====== INPUT FOR THIS TASK
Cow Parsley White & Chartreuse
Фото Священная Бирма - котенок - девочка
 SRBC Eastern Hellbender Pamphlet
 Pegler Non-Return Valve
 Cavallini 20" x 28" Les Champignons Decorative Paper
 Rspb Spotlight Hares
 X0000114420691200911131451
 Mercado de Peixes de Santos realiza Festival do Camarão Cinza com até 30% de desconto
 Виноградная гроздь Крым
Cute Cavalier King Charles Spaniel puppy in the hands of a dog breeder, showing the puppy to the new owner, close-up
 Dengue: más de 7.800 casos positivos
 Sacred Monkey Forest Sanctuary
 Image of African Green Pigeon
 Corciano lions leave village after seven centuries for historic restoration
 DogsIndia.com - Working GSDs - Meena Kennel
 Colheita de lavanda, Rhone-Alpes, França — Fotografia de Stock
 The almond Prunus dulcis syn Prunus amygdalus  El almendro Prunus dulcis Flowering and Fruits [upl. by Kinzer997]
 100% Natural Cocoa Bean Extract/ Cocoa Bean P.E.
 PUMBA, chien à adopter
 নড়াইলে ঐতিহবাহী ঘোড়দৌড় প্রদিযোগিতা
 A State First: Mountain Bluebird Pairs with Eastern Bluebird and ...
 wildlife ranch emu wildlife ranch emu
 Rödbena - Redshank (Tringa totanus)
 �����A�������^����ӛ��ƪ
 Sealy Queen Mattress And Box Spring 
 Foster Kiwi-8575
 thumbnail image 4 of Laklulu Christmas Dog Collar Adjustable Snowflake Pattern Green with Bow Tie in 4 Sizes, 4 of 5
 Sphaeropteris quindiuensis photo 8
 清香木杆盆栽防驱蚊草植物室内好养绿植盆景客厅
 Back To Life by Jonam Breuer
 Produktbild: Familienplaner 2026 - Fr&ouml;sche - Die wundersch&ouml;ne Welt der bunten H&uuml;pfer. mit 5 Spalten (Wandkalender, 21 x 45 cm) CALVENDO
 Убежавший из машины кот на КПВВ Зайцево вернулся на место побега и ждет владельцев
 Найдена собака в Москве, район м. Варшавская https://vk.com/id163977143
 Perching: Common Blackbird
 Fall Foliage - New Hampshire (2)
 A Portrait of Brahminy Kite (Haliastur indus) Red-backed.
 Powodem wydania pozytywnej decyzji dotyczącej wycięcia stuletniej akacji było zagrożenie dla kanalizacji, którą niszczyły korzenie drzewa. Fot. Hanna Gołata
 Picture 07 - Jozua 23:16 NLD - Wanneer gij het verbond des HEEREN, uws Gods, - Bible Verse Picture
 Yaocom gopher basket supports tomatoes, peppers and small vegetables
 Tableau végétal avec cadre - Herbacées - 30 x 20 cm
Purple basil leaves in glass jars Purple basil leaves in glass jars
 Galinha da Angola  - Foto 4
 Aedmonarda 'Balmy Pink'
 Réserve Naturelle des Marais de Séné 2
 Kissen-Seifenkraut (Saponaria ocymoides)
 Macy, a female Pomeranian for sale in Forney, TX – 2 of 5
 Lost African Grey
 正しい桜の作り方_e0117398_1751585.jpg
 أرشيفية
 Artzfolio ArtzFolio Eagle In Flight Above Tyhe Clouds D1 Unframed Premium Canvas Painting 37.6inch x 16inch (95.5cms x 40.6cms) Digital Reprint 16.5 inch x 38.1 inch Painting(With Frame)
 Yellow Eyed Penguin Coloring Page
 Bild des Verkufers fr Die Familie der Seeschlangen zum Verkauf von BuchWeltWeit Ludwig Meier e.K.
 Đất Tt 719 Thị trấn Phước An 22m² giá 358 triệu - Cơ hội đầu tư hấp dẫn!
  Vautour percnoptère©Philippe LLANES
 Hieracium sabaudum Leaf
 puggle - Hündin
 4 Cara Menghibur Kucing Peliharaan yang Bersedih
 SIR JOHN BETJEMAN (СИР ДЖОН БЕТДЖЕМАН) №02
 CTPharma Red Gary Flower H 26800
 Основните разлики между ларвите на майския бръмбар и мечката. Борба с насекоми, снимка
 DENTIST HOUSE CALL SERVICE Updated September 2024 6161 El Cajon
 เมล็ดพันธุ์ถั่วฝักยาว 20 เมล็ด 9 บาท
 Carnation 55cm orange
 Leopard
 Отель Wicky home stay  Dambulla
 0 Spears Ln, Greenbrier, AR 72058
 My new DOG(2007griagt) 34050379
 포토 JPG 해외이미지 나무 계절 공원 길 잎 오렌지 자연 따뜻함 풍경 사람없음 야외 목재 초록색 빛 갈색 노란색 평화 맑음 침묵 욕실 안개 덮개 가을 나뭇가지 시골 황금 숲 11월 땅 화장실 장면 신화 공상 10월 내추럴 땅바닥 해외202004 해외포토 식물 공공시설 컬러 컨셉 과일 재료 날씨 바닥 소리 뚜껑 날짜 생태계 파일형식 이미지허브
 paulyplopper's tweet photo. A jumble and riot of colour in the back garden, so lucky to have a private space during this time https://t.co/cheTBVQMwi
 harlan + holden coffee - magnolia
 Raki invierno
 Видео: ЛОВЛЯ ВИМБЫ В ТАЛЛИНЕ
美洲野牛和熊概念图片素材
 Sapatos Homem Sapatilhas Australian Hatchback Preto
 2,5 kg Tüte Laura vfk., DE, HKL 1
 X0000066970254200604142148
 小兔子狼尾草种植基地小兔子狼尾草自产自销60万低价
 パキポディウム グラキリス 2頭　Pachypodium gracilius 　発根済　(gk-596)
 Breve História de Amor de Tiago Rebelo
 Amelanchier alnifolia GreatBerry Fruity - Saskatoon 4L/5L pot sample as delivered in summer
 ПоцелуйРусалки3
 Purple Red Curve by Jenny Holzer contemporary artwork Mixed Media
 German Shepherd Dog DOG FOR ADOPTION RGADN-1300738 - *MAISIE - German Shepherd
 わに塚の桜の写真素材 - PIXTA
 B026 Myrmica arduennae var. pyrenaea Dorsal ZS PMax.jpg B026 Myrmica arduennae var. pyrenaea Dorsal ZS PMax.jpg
============
→ **THE PROBLEM**: Write out the complete set of records exactly as given.

→ **EXERCISE ANSWER**:
Cow Parsley White & Chartreuse
Фото Священная Бирма - котенок - девочка
 SRBC Eastern Hellbender Pamphlet
 Pegler Non-Return Valve
 Cavallini 20" x 28" Les Champignons Decorative Paper
 Rspb Spotlight Hares
 X0000114420691200911131451
 Mercado de Peixes de Santos realiza Festival do Camarão Cinza com até 30% de desconto
 Виноградная гроздь Крым
Cute Cavalier King Charles Spaniel puppy in the hands of a dog breeder, showing the puppy to the new owner, close-up
 Dengue: más de 7.800 casos positivos
 Sacred Monkey Forest Sanctuary
 Image of African Green Pigeon
 Corciano lions leave village after seven centuries for historic restoration
 DogsIndia.com - Working GSDs - Meena Kennel
 Colheita de lavanda, Rhone-Alpes, França — Fotografia de Stock
 The almond Prunus dulcis syn Prunus amygdalus  El almendro Prunus dulcis Flowering and Fruits [upl. by Kinzer997]
 100% Natural Cocoa Bean Extract/ Cocoa Bean P.E.
 PUMBA, chien à adopter
 নড়াইলে ঐতিহবাহী ঘোড়দৌড় প্রদিযোগিতা
 A State First: Mountain Bluebird Pairs with Eastern Bluebird and ...
 wildlife ranch emu wildlife ranch emu
 Rödbena - Redshank (Tringa totanus)
 �����A�������^����ӛ��ƪ
 Sealy Queen Mattress And Box Spring 
 Foster Kiwi-8575
 thumbnail image 4 of Laklulu Christmas Dog Collar Adjustable Snowflake Pattern Green with Bow Tie in 4 Sizes, 4 of 5
 Sphaeropteris quindiuensis photo 8
 清香木杆盆栽防驱蚊草植物室内好养绿植盆景客厅
 Back To Life by Jonam Breuer
 Produktbild: Familienplaner 2026 - Fr&ouml;sche - Die wundersch&ouml;ne Welt der bunten H&uuml;pfer. mit 5 Spalten (Wandkalender, 21 x 45 cm) CALVENDO
 Убежавший из машины кот на КПВВ Зайцево вернулся на место побега и ждет владельцев
 Найдена собака в Москве, район м. Варшавская https://vk.com/id163977143
 Perching: Common Blackbird
 Fall Foliage - New Hampshire (2)
 A Portrait of Brahminy Kite (Haliastur indus) Red-backed.
 Powodem wydania pozytywnej decyzji dotyczącej wycięcia stuletniej akacji było zagrożenie dla kanalizacji, którą niszczyły korzenie drzewa. Fot. Hanna Gołata
 Picture 07 - Jozua 23:16 NLD - Wanneer gij het verbond des HEEREN, uws Gods, - Bible Verse Picture
 Yaocom gopher basket supports tomatoes, peppers and small vegetables
 Tableau végétal avec cadre - Herbacées - 30 x 20 cm
Purple basil leaves in glass jars Purple basil leaves in glass jars
 Galinha da Angola  - Foto 4
 Aedmonarda 'Balmy Pink'
 Réserve Naturelle des Marais de Séné 2
 Kissen-Seifenkraut (Saponaria ocymoides)
 Macy, a female Pomeranian for sale in Forney, TX – 2 of 5
 Lost African Grey
 正しい桜の作り方_e0117398_1751585.jpg
 أرشيفية
 Artzfolio ArtzFolio Eagle In Flight Above Tyhe Clouds D1 Unframed Premium Canvas Painting 37.6inch x 16inch (95.5cms x 40.6cms) Digital Reprint 16.5 inch x 38.1 inch Painting(With Frame)
 Yellow Eyed Penguin Coloring Page
 Bild des Verkufers fr Die Familie der Seeschlangen zum Verkauf von BuchWeltWeit Ludwig Meier e.K.
 Đất Tt 719 Thị trấn Phước An 22m² giá 358 triệu - Cơ hội đầu tư hấp dẫn!
  Vautour percnoptère©Philippe LLANES
 Hieracium sabaudum Leaf
 puggle - Hündin
 4 Cara Menghibur Kucing Peliharaan yang Bersedih
 SIR JOHN BETJEMAN (СИР ДЖОН БЕТДЖЕМАН) №02
 CTPharma Red Gary Flower H 26800
 Основните разлики между ларвите на майския бръмбар и мечката. Борба с насекоми, снимка
 DENTIST HOUSE CALL SERVICE Updated September 2024 6161 El Cajon
 เมล็ดพันธุ์ถั่วฝักยาว 20 เมล็ด 9 บาท
 Carnation 55cm orange
 Leopard
 Отель Wicky home stay  Dambulla
 0 Spears Ln, Greenbrier, AR 72058
 My new DOG(2007griagt) 34050379
 포토 JPG 해외이미지 나무 계절 공원 길 잎 오렌지 자연 따뜻함 풍경 사람없음 야외 목재 초록색 빛 갈색 노란색 평화 맑음 침묵 욕실 안개 덮개 가을 나뭇가지 시골 황금 숲 11월 땅 화장실 장면 신화 공상 10월 내추럴 땅바닥 해외202004 해외포토 식물 공공시설 컬러 컨셉 과일 재료 날씨 바닥 소리 뚜껑 날짜 생태계 파일형식 이미지허브
 paulyplopper's tweet photo. A jumble and riot of colour in the back garden, so lucky to have a private space during this time https://t.co/cheTBVQMwi
 harlan + holden coffee - magnolia
 Raki invierno
 Видео: ЛОВЛЯ ВИМБЫ В ТАЛЛИНЕ
美洲野牛和熊概念图片素材
 Sapatos Homem Sapatilhas Australian Hatchback Preto
 2,5 kg Tüte Laura vfk., DE, HKL 1
 X0000066970254200604142148
 小兔子狼尾草种植基地小兔子狼尾草自产自销60万低价
 パキポディウム グラキリス 2頭　Pachypodium gracilius 　発根済　(gk-596)
 Breve História de Amor de Tiago Rebelo
 Amelanchier alnifolia GreatBerry Fruity - Saskatoon 4L/5L pot sample as delivered in summer
 ПоцелуйРусалки3
 Purple Red Curve by Jenny Holzer contemporary artwork Mixed Media
 German Shepherd Dog DOG FOR ADOPTION RGADN-1300738 - *MAISIE - German Shepherd
 わに塚の桜の写真素材 - PIXTA
 B026 Myrmica arduennae var. pyrenaea Dorsal ZS PMax.jpg B026 Myrmica arduennae var. pyrenaea Dorsal ZS PMax.jpg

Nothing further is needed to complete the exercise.